The Alignment Problem by Brian Christian touches on the intersection among pedagogy, psychology, societal norms, reward function, animal behaviours and machine learning. His book addresses the alignment problem in the domain of machine learning. The considerations highlighted in the book, though it is in the context of machine learning, could be translated to the different aspects of our life.

The subject of homeostasis and heterostasis stands out for me as I have been thinking about reward maximisation, motivation and the interactions among different entities. System in this context could be refer to the structure of a personal life, or an organisation or even a country. In Singapore, we are not foreign to multiple bonus structures, in which the government incentivises desirable behaviours of the citizens. In an organisation, we have KPIs or OKRs. In our personal life, we can also employ different system, from gamification, to streak mentality to setting SMART goals.

We probably hear statements like this:

“It will have been better for <Person X> to have done <Action A1> instead of <Action A2> when interacting with <Person Y/Group Y> in the context of <Event E1> to prevent <Consequences C1>.”

“<Organisation Y> is giving <bonus B1> in expectation of <Action A3>. <Organisation Z> cannot match up to <bonus B1>, therefore the expectation of <Action A3> does not exist.”

On the surface level, it might seems reasonable to have this assumptions.

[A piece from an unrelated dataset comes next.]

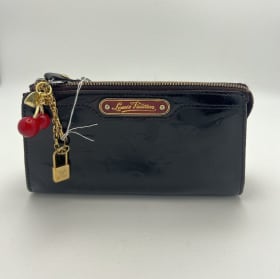 #64 Louis Vuitton Vernis Cosmetic Pouch item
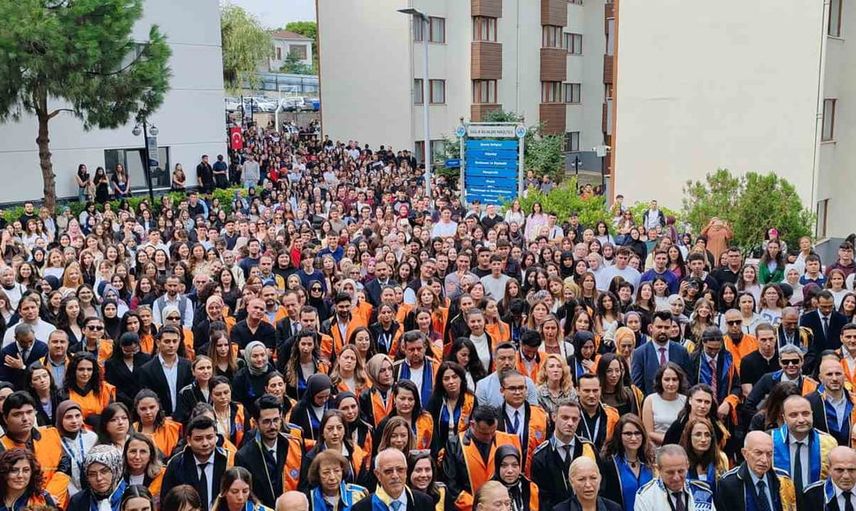 Avrasya Üniversitesi 55 yeni akademisyenle kadrosunu güçlendiriyor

The people making the above statements could even make concrete justifications to their assumptions. However we may make sweeping statements like this without considering the motivation/reward function of the individuals or groups.

If the nature of human being is to seek reward maximisation, we could already be seeing a diverse, and perhaps diverging reward functions.

For example, <Group Y.Person 1> may prefer <Action A1> but <Group Y.Person 2> may prefer <Action A2>. And the person, <Group Y.Person 3> making the statement in favour of <Action A1> may be in constant contact of <Group Y.Person 1> and less contact with <Group Y.Person 2>. In this case, <Group Y.Person 3> may think that <Action A1> stands in agreement to benefit people more than <Action A2>.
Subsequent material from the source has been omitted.